Wednesday, June 27, 2007

Dark Matter?

Musical genres are a double edged sword. They can unfairly squeeze an artist into a box which does not fit, but they also allow us to communicate about music without long, tedious explanations. I think most of the time the latter outweighs the former, despite the hazards of generalization.

I've struggled for years to define a particular type of music I enjoy and believe in enough to make its exposure a personal mission.
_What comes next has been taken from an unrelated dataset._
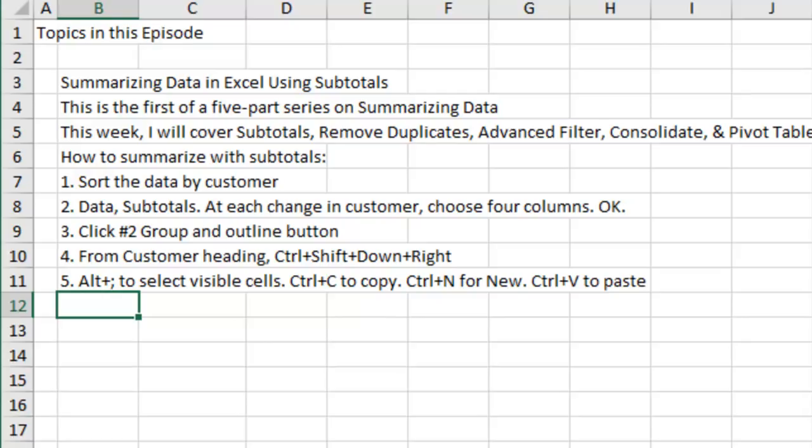To summarize the data with Subtotals, we have to sort the data by customer and then go to Data Subtotals. At each change in, choose Customer, choose the four numeric columns, click OK. Number 2, Group and Outline button.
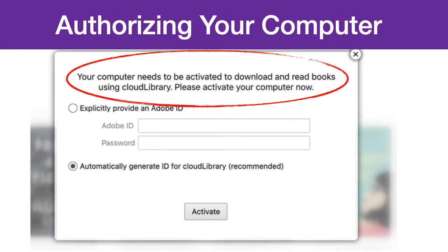The next step is to authorize your computer and eReader to download and read eBooks. You will have to authorize your computer and eReader either using an existing Adobe ID — this is if you use Adobe Digital Editions for Overdrive or Libby — or one generated by Cloud Library. Once you choose and enter an ID into Cloud Library and connect your Kobo to your computer and download a title, it will automatically authorize your Kobo with that ID. If you would like to change the ID at any point, just log out of the Cloud Library app.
The first attempt was "Dorkwave" (originally a cheeky play on "Darkwave,") which proved to be too broad-stroked and was later refined to "The New Black," for which I even wrote a bio-cum-manifesto about, that shares many themes with and was perhaps better articulated by ADULT. with Uneasy Listening Music.

I think one of the reasons the music I'm most drawn to has not been slapped with a label yet is because it is more about themes than sounds. One can say, "this is electro, and this is minimal, and this is French house, and this is noise-pop, and this is Hungarian folk, etc." But there are plenty of acts that don't fit any of the existing categories on MySpace, who may have very different sounds, but do share a common thematic thread. These bands are responding to the current sociopolitical climate (whether they know it or not) and are making what is the first real 21st century music. They may reference the past, but the results are truly new and of this time. They are often wary, if not jaded by the effect Lollapalooza had on indie music in the early '90s, the excess of club culture in the mid-late '90s, and the lightning fast fickleness of the internet era that saw both electroclash and dance-rock burn out before they even had a chance at adolescence.

So, "Dark Matter." Ms. Toybreaker and I were talking to Ian Clark a.k.a. Perspects last weekend, and I asked, "If Perspects, Kill Memory Crash and Franz & Shape were in a genre, what would you call it? Is it 'nouveau cold wave' or 'neo-electro-industrial-body-punk-rave-blah-blah-etc'?" ...because those three acts do share this theme I'm talking about, but it's difficult to describe without said tedious explanation. I even threw four entirely different genres into one short paragraph trying to describe the show in September for the Magic Stick listing. Ian knew exactly what I meant, but couldn't come up with an answer. Just then, as we were watching Alan Alda's Scientific American Frontiers, the camera closed in on a sign that read "Dark Matter." We looked around at each other, and that was it. It's not "neo" anything, it isn't suffixed by "wave," and I think perfectly describes the music we're talking about.

So there you go. Thank Alan Alda. And if you want to know what I think Dark Matter sounds like, scroll down this page to May 22 and download the Introduction to Violence mix.